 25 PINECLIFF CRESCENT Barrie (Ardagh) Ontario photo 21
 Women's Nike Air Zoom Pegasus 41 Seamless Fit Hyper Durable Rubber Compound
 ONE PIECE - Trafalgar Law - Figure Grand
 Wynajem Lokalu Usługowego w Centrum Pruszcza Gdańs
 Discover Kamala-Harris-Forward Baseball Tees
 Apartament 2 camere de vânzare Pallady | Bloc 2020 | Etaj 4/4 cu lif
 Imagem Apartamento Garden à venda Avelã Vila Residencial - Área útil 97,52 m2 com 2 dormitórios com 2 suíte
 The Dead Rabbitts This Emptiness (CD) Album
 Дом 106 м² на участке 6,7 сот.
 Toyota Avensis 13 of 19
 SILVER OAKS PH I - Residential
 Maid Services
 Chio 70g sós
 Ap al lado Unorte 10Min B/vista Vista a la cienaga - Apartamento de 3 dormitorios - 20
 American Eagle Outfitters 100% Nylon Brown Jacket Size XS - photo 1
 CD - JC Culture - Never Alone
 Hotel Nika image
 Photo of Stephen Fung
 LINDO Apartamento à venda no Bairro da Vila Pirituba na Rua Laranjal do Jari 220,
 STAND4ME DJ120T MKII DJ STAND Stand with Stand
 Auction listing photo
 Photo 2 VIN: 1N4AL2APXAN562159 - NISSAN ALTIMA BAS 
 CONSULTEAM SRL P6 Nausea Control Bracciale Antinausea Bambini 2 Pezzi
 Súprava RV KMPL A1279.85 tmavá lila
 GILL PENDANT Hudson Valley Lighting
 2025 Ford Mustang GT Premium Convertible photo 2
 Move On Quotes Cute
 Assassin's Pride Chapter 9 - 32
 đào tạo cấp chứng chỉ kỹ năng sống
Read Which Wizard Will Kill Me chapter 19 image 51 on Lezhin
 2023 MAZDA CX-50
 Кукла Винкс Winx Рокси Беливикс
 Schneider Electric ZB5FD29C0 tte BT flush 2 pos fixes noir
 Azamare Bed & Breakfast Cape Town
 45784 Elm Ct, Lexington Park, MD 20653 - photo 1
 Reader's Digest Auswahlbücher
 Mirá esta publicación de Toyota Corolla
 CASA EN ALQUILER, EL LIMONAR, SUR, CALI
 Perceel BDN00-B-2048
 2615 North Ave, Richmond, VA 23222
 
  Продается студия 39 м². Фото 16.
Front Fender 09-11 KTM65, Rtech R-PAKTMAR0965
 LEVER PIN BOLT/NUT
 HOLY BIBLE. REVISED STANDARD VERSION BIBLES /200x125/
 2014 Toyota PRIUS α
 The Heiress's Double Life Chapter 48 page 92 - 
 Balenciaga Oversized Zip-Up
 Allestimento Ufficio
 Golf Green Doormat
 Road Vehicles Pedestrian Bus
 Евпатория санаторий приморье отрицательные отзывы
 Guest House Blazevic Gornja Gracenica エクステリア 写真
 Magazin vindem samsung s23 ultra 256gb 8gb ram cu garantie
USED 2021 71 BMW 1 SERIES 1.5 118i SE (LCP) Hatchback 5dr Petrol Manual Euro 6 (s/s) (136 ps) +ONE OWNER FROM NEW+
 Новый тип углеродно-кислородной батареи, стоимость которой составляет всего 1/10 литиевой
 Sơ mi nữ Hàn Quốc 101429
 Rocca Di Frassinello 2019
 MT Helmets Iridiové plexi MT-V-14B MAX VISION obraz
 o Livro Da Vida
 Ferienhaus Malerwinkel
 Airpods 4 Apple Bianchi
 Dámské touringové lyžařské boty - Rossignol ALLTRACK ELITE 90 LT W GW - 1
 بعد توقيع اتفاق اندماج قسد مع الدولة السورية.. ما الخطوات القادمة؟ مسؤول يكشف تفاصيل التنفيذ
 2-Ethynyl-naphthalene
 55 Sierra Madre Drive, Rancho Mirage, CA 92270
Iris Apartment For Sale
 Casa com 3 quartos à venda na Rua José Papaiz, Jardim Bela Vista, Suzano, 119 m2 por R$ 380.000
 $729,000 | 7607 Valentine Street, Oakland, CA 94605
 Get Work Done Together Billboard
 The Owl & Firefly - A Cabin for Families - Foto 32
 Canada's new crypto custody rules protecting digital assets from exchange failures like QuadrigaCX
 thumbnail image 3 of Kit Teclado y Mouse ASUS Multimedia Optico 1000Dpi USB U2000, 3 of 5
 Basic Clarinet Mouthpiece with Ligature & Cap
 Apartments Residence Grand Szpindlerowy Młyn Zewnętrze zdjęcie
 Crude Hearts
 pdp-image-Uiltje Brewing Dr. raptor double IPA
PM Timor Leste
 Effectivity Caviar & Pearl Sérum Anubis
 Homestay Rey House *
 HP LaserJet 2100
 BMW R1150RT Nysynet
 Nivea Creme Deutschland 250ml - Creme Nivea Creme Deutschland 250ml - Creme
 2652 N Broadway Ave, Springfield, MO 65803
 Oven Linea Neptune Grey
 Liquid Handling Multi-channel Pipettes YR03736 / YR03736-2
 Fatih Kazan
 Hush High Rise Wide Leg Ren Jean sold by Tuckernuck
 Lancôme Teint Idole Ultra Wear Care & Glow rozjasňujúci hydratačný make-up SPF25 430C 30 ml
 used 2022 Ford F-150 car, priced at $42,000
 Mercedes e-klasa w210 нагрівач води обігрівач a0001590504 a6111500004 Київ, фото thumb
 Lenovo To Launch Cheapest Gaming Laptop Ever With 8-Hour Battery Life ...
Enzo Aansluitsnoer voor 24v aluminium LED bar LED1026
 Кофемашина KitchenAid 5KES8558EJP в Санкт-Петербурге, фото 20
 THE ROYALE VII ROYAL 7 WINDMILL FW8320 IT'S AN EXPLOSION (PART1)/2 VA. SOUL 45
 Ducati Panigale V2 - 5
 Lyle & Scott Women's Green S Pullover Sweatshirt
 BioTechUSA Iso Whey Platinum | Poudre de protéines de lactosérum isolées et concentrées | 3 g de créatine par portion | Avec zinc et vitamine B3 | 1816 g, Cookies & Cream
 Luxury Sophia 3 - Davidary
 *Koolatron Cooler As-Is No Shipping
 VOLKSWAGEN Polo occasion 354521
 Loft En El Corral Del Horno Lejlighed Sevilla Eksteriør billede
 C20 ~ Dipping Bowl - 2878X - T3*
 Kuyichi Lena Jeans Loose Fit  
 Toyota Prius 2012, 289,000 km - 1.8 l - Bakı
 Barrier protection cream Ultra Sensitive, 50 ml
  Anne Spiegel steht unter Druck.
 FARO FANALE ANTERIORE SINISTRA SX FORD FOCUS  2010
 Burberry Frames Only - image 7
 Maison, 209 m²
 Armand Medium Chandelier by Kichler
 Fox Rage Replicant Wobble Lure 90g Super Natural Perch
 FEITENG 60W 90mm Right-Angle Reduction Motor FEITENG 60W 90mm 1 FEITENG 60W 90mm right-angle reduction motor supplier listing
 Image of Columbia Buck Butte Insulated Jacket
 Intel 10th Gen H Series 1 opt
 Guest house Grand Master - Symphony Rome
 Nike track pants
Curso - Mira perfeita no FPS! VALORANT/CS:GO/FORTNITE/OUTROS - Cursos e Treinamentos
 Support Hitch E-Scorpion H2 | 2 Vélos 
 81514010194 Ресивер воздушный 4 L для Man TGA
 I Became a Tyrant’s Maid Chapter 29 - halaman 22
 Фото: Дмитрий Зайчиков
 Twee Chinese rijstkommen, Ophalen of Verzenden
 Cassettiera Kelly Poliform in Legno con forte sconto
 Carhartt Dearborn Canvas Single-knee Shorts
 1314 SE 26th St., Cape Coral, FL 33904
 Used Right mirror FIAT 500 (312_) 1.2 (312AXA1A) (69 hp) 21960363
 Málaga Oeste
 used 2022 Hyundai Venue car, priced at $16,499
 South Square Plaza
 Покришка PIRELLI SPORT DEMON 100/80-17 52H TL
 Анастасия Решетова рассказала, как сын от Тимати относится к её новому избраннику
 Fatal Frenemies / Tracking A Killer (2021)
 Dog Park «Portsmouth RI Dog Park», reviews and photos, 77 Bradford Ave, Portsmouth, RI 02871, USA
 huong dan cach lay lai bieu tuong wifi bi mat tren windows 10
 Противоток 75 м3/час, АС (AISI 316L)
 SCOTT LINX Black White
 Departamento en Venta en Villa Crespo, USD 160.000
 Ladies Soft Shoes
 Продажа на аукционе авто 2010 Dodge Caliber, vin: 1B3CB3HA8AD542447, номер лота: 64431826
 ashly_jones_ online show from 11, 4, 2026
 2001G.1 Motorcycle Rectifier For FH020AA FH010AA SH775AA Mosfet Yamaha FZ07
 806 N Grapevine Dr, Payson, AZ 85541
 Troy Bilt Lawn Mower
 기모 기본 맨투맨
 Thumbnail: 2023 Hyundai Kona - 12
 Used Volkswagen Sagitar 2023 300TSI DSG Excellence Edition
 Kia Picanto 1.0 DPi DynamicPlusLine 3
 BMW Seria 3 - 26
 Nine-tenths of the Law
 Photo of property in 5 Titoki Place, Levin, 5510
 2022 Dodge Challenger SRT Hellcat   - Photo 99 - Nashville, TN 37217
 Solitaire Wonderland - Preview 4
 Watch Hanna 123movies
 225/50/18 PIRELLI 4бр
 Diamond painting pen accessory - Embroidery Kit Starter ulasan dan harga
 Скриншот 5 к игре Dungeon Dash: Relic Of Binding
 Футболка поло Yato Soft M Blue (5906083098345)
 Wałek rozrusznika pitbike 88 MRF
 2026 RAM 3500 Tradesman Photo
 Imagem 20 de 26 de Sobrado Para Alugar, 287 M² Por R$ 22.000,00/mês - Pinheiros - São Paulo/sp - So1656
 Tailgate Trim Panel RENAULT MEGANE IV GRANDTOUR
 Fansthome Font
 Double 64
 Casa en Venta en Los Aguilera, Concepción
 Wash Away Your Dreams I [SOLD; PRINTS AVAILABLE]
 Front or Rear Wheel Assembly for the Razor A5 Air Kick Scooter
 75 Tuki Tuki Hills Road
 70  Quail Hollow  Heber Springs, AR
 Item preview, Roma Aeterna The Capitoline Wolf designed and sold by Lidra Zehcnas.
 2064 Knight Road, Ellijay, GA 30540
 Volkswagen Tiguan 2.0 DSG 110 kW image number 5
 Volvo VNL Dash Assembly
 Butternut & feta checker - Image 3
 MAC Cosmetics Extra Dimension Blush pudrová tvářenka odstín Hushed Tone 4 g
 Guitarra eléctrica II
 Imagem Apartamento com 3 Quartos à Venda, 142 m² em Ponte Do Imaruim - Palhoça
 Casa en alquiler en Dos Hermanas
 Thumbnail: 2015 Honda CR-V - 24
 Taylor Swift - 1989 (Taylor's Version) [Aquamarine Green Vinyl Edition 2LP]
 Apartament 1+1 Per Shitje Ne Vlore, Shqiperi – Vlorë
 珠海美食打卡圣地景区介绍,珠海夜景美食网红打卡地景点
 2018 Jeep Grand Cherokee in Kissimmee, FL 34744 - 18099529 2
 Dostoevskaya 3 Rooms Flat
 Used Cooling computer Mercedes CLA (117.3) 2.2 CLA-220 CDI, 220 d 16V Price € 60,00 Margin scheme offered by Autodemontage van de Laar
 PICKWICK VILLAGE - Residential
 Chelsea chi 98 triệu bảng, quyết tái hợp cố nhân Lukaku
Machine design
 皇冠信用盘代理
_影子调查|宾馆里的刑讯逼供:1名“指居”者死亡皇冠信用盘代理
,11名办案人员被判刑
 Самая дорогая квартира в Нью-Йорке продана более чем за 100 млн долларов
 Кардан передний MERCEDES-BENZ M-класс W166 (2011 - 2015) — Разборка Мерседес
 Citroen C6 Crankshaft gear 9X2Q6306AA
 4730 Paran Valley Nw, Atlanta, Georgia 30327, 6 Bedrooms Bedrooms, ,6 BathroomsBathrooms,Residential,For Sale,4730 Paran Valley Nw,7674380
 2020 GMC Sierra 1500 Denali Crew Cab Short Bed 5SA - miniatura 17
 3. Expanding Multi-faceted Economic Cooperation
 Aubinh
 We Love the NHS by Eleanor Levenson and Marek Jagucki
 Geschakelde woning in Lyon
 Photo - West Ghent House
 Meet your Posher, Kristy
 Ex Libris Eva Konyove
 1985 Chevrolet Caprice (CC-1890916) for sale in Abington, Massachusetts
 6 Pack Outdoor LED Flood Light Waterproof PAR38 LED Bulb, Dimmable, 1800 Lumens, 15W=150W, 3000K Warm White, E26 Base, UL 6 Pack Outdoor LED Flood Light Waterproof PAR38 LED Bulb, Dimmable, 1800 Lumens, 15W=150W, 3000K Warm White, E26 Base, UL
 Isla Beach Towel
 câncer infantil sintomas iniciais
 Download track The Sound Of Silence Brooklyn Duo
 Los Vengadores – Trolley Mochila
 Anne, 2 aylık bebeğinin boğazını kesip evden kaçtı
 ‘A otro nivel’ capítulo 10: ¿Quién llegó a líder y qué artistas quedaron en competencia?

--

▶ _PROBLEM TO WORK ON_: Please, from the material above, copy only the lines from the line with "Lenovo To Launch" up to and including the line with "Curso - Mira", exactly as written.

▶ _REPLY TO THE TASK_:
 Lenovo To Launch Cheapest Gaming Laptop Ever With 8-Hour Battery Life ...
Enzo Aansluitsnoer voor 24v aluminium LED bar LED1026
 Кофемашина KitchenAid 5KES8558EJP в Санкт-Петербурге, фото 20
 THE ROYALE VII ROYAL 7 WINDMILL FW8320 IT'S AN EXPLOSION (PART1)/2 VA. SOUL 45
 Ducati Panigale V2 - 5
 Lyle & Scott Women's Green S Pullover Sweatshirt
 BioTechUSA Iso Whey Platinum | Poudre de protéines de lactosérum isolées et concentrées | 3 g de créatine par portion | Avec zinc et vitamine B3 | 1816 g, Cookies & Cream
 Luxury Sophia 3 - Davidary
 *Koolatron Cooler As-Is No Shipping
 VOLKSWAGEN Polo occasion 354521
 Loft En El Corral Del Horno Lejlighed Sevilla Eksteriør billede
 C20 ~ Dipping Bowl - 2878X - T3*
 Kuyichi Lena Jeans Loose Fit  
 Toyota Prius 2012, 289,000 km - 1.8 l - Bakı
 Barrier protection cream Ultra Sensitive, 50 ml
  Anne Spiegel steht unter Druck.
 FARO FANALE ANTERIORE SINISTRA SX FORD FOCUS  2010
 Burberry Frames Only - image 7
 Maison, 209 m²
 Armand Medium Chandelier by Kichler
 Fox Rage Replicant Wobble Lure 90g Super Natural Perch
 FEITENG 60W 90mm Right-Angle Reduction Motor FEITENG 60W 90mm 1 FEITENG 60W 90mm right-angle reduction motor supplier listing
 Image of Columbia Buck Butte Insulated Jacket
 Intel 10th Gen H Series 1 opt
 Guest house Grand Master - Symphony Rome
 Nike track pants
Curso - Mira perfeita no FPS! VALORANT/CS:GO/FORTNITE/OUTROS - Cursos e Treinamentos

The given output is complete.